Emissões dos funerais
Na ausência de autorização legal para a prática, ainda faltam estudos comparativos sobre o impacto ambiental das tradições funerárias. Uma pesquisa de 2017 realizada a pedido da prefeitura de Paris mostrou que a cremação representava 3% das emissões médias de CO₂ de um adulto no período de um ano e o sepultamento, quase quatro vezes mais (11%). O enterro tradicional ainda deixa um rastro de poluição, como o concreto usado no túmulo e a decomposição da madeira dos caixões, tratada com produtos químicos tóxicos como o poliuretano.

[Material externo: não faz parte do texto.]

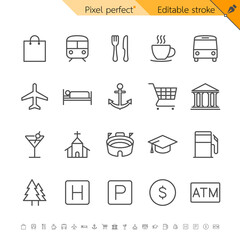 Map and location thin icons. Pixel perfect. Editable stroke.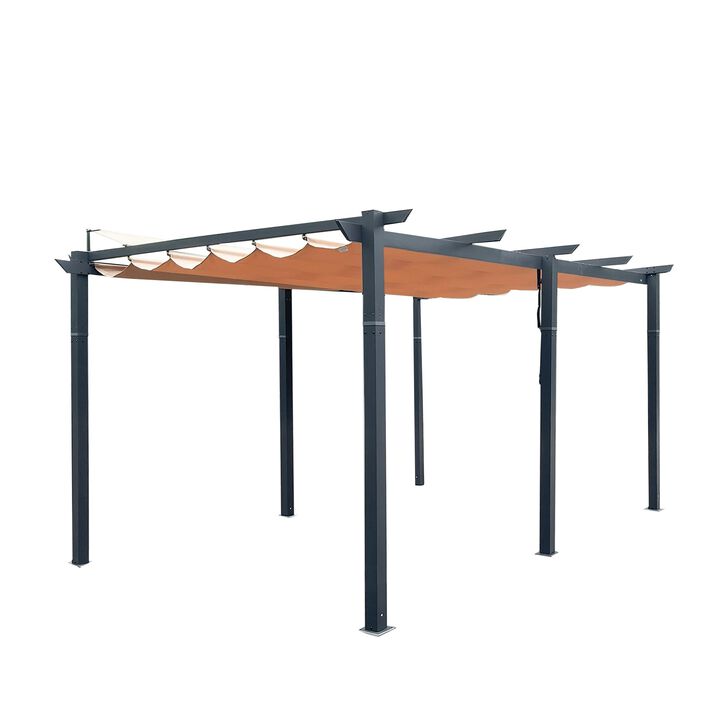 Mondawe 11x16Ft Outdoor Retractable Pergola,Rust-Resistant Aluminum Frame,Adjustable,Easy Assembly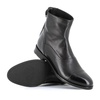 Black Leather Boots with Zipper and Button Closure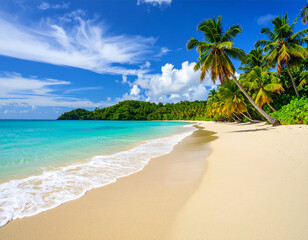 Obraz premium Beautiful beach with palms and turquoise sea in Jamaica island.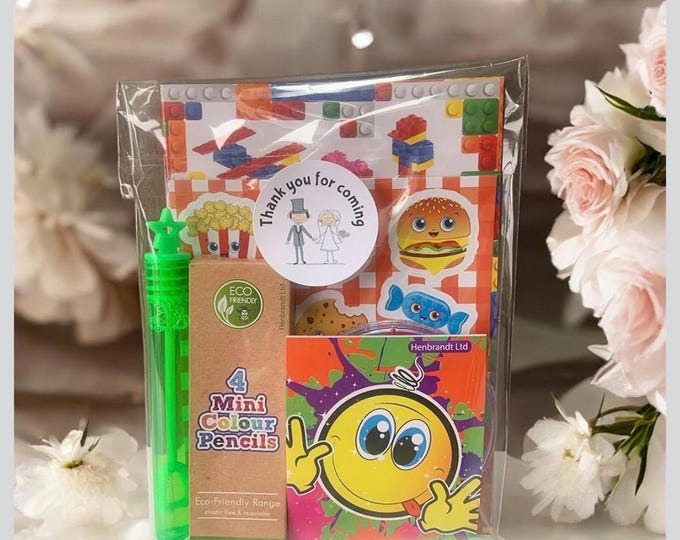Individual Children's Kids Wedding Activity Pack Favour Bag A6 SIZE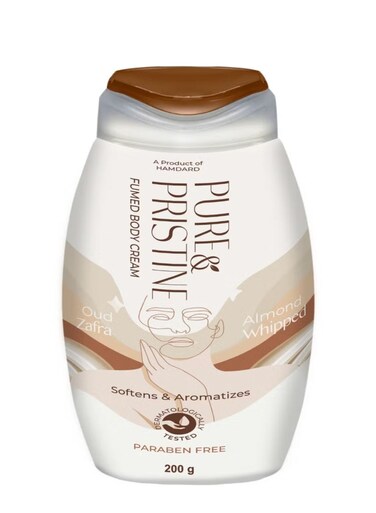 PURE &amp; PRISTINE Fumed Body Cream Oud Zafra 200g &ndash; Almond Whip, Silky Soft Nourishing Care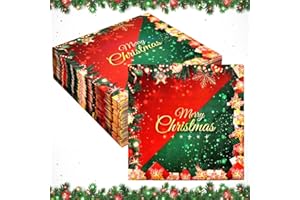 DTYGUIXE 100 Stück Weihnachten Servietten Rot Grün Weihnachten Papierservietten Winter Paper Napkins Weihnachtstisch Deko Servietten Weihnachten Motiv für Weihnachten Silvester Abendessen Haushalt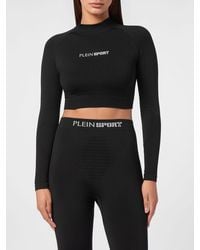Philipp Plein - Cropped Long-Sleeve Slim Fit Sports Top - Lyst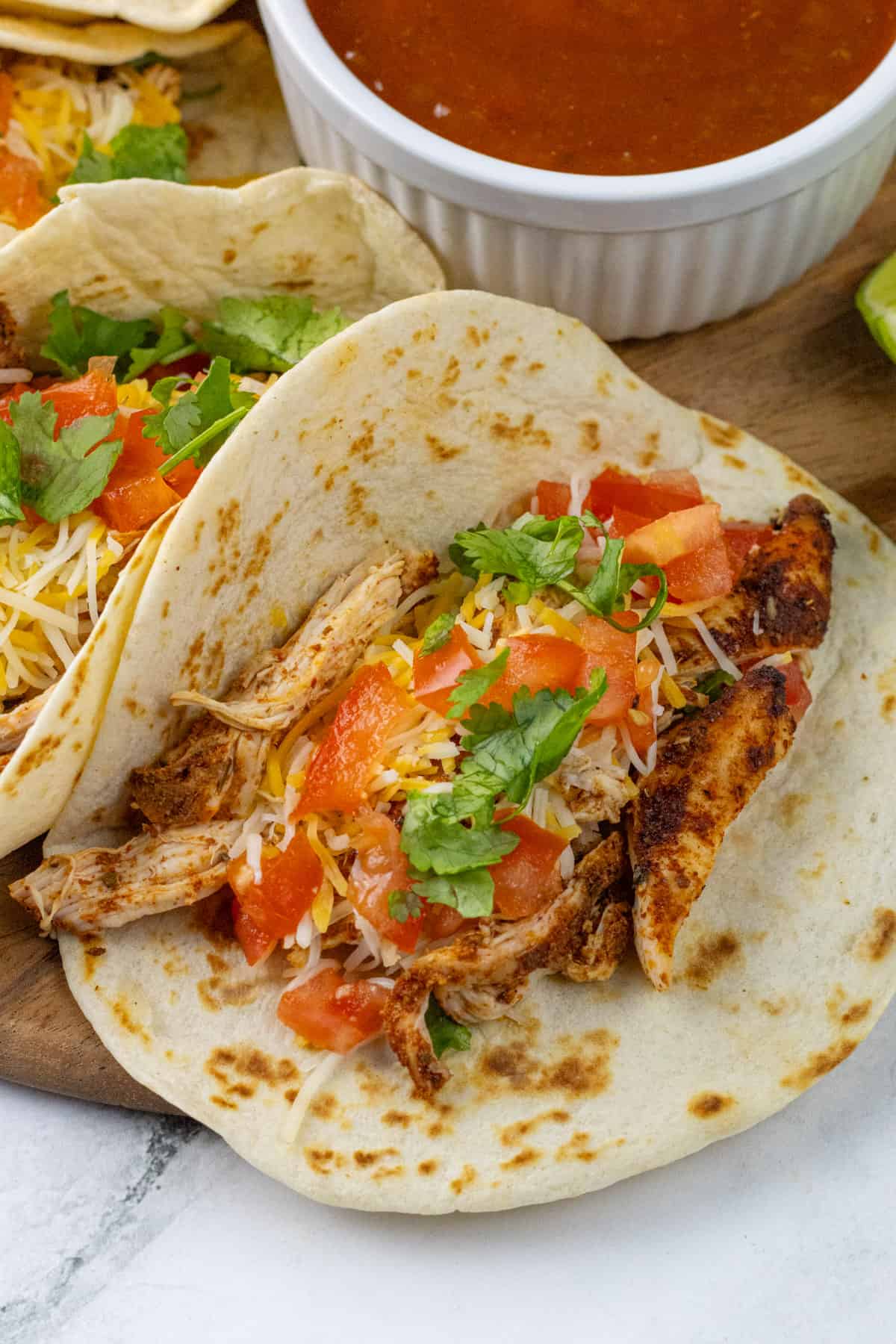 chicken taco with taco toppings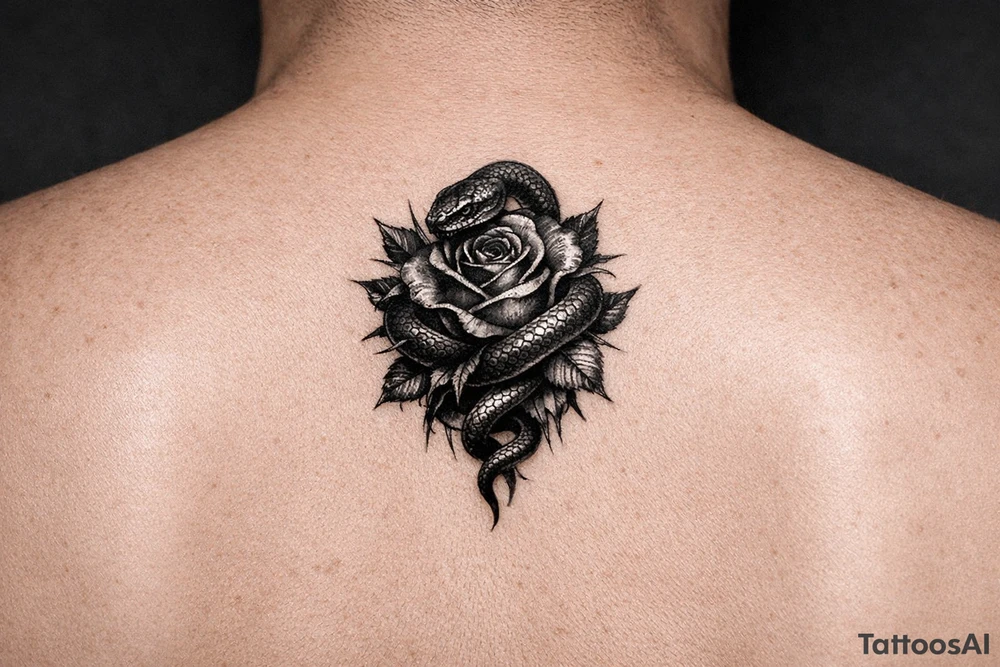 Snake wrapped around rose make it look realistic and hot tattoo idea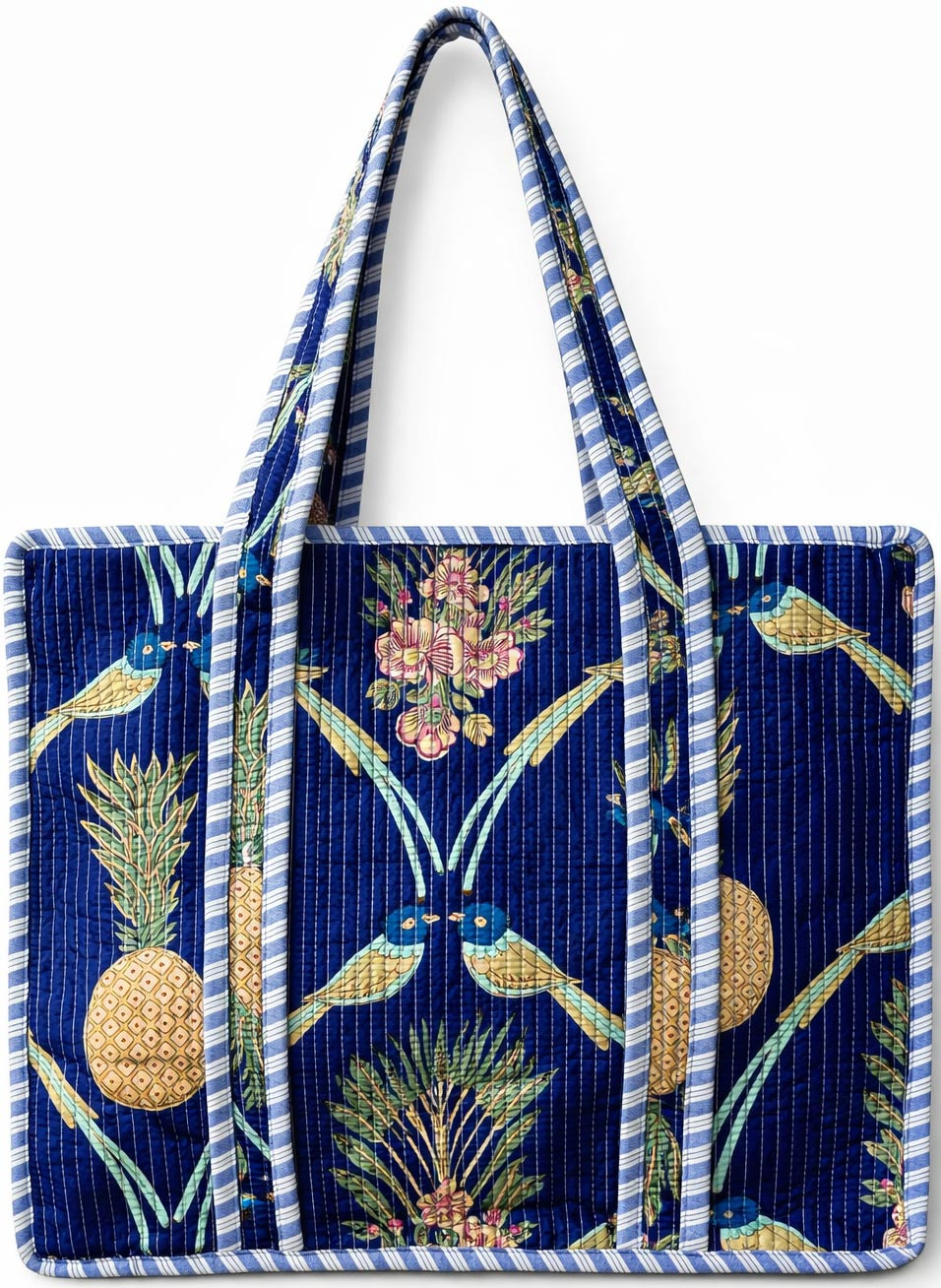 Handcrafted Quilted Cotton Tote Bag with Pineapple Bird Print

“Eram 233 quilos de CO₂ em uma cremação e mais de 800 quilos em um enterro, sendo que na cremação as emissões vêm mais da combustão de energias fósseis, pelo gás utilizado, e no enterro, vêm do transporte de todo o material necessário para o sepultamento. Nos dois casos, temos a intenção de proteger o corpo de uma degradação e do seu contato com a terra, portanto com o ciclo da natureza”, salienta Pierre Berneur. "Isso gera um custo energético – logo, um impacto ambiental. Com a terramação, não tentamos mais nadar contra a maré, e sim nos reintegrar no ciclo natural", explica.
Num contexto em que a preocupação ambiental é crescente, uma pesquisa do instituto OpinionWay, encomendada pela Humo Sapiens em 2022, mostrou que 73% dos franceses gostariam de ter uma “morte mais ecológica” e 46% estariam dispostos a escolher a terramação. O procedimento seria enquadrado por uma nova categoria profissional, que uniria a expertise em compostagem aos serviços funerários.
Para associação Humo Sapiens, apesar de todos os tabus a serem quebrados, esta alternativa daria um novo sentido à morte: possibilitaria não apenas ao ser humano interromper a sua pegada de carbono ao falecer, como daria a ele a chance de contribuir para a regeneração do meio ambiente.